Chapter 10
I found out through my father.
He called me on a Tuesday afternoon while I was piping a towering croquembouche, the phone balanced between my ear and shoulder.
His voice was gravelly and carried the same familiar note of impatient authority.
“You need to stop this nonsense and come home. Your sister is falling apart.”
My piping bag paused for a fraction of a second, then resumed its steady rhythm.
“Hello to you too, Dad. What can I do for you?”
“Don’t use that tone with me. Rosalie lost out on a promotion because she’s constantly exhausted. David is dumping that boy on her every single day. Leo is completely out of control. He broke one of her antique vases last week, and when she yelled at him, he hit her. She locked herself in her room crying. You’re destroying her career with your selfishness.”
I carefully placed a spun-sugar leaf onto the pastry tower.
“Dad, Rosalie is twenty-eight. She is a consenting adult. If she doesn’t want to play stepmother to my son, she can move out of my husband’s house. As for Leo hitting her, I suppose David could always tell her to slap him back. That’s the family joke, isn’t it?”
Silence.
For my entire life, I had bowed my head to this man. I had taken the physical slap, the emotional slaps, the financial neglect.
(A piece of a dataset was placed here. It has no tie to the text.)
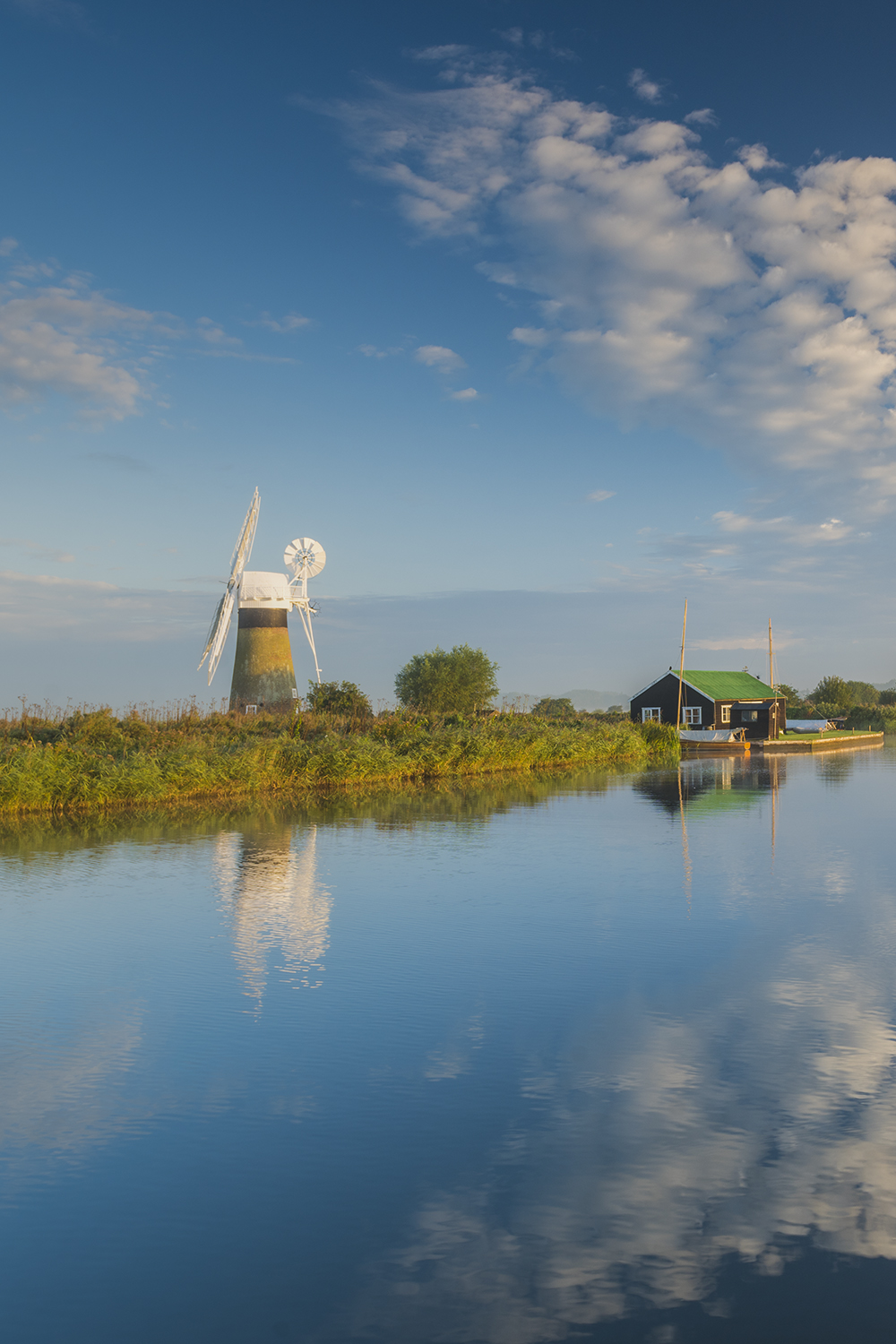 The Broads on the River Thurne, by Tom Mackie A scenic view of the Broads at Thurne, with a traditional windmill and a small riverside cottage reflected in the calm water under a bright blue sky with scattered clouds.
“You’re a cold, ungrateful—”
“I don’t owe you a damn thing, Dad.”
I echoed the exact words he had thrown at me ten years earlier, along with a fifty-dollar bill.
Then I hung up and blocked his number.
A week later, the court mandated our first formal mediation session.
I flew back to my old city and checked into a sleek downtown hotel. I wore a tailored emerald-green pantsuit bought with my own money, and my hair had been cut into a sharp, elegant bob.
The tired, flour-dusted housewife was dead.
When I walked into the mediator’s conference room, David was already there.
Beside him sat Rosalie.
I almost laughed.
She looked awful. The glamorous, sweet-talking woman was gone. Her hair was clipped up messily. Her designer blouse was wrinkled, and there was a suspicious stain on the lapel that looked very much like dried yogurt.
David looked worse.
He had put on weight, and his posture had collapsed inward. He looked like a man carrying a burden he despised.
“Miss Allera,” the mediator, a gray-haired man named Mr. Harrison, said with a smile, “thank you for coming. I understand Miss Rosalie is here for emotional support.”
“She can stay,” I said breezily, taking the seat across from them.